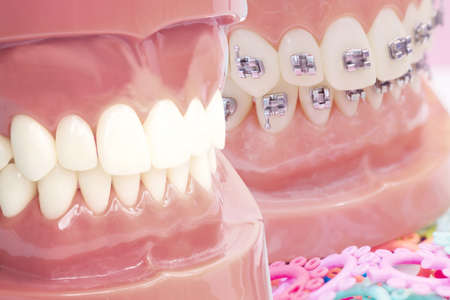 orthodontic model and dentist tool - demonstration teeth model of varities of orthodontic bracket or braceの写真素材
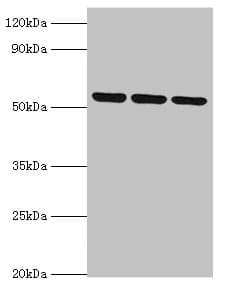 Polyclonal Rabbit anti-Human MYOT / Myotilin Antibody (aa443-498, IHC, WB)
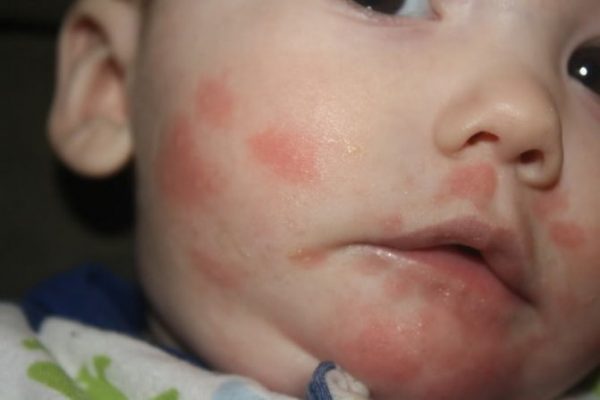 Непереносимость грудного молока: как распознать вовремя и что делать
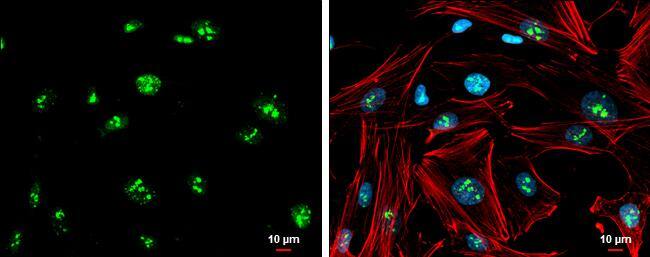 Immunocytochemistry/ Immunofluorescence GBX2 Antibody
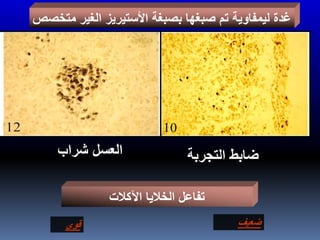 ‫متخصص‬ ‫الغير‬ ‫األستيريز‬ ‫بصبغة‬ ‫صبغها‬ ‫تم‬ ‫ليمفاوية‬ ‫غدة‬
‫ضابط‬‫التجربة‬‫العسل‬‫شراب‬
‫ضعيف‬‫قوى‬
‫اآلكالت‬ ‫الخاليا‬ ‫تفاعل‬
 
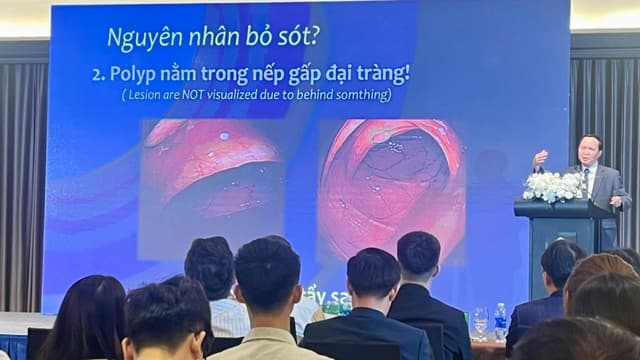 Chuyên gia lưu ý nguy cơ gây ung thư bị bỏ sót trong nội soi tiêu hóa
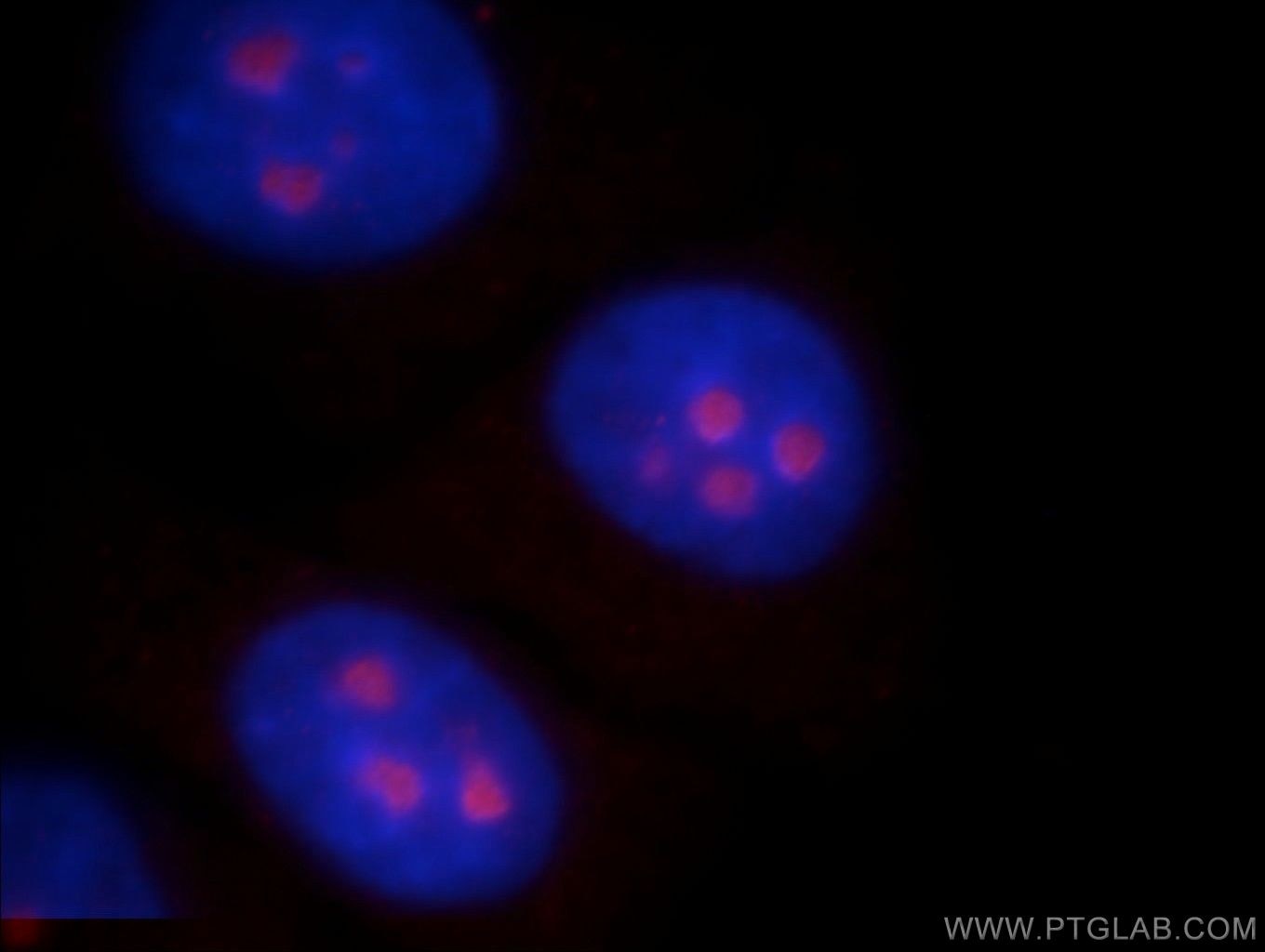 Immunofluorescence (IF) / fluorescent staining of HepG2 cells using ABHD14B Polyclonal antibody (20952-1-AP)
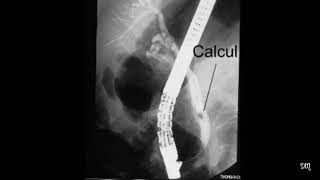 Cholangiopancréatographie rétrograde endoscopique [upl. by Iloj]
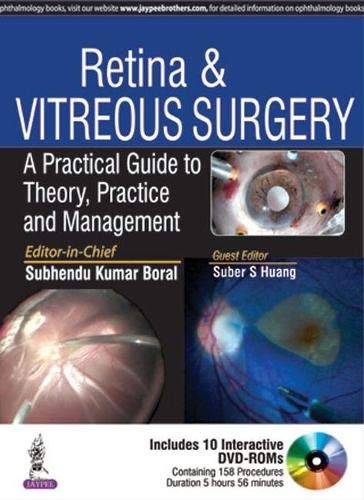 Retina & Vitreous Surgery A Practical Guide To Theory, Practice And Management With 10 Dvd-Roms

..........

§ Exercise description: Would you copy all of the data exactly? Keep the pictures out of it.

§ Result below:
 orthodontic model and dentist tool - demonstration teeth model of varities of orthodontic bracket or braceの写真素材
 Polyclonal Rabbit anti-Human MYOT / Myotilin Antibody (aa443-498, IHC, WB)
 Непереносимость грудного молока: как распознать вовремя и что делать
 Immunocytochemistry/ Immunofluorescence GBX2 Antibody
 ‫متخصص‬ ‫الغير‬ ‫األستيريز‬ ‫بصبغة‬ ‫صبغها‬ ‫تم‬ ‫ليمفاوية‬ ‫غدة‬
‫ضابط‬‫التجربة‬‫العسل‬‫شراب‬
‫ضعيف‬‫قوى‬
‫اآلكالت‬ ‫الخاليا‬ ‫تفاعل‬
 
 Chuyên gia lưu ý nguy cơ gây ung thư bị bỏ sót trong nội soi tiêu hóa
 Immunofluorescence (IF) / fluorescent staining of HepG2 cells using ABHD14B Polyclonal antibody (20952-1-AP)
 Cholangiopancréatographie rétrograde endoscopique [upl. by Iloj]
 Retina & Vitreous Surgery A Practical Guide To Theory, Practice And Management With 10 Dvd-Roms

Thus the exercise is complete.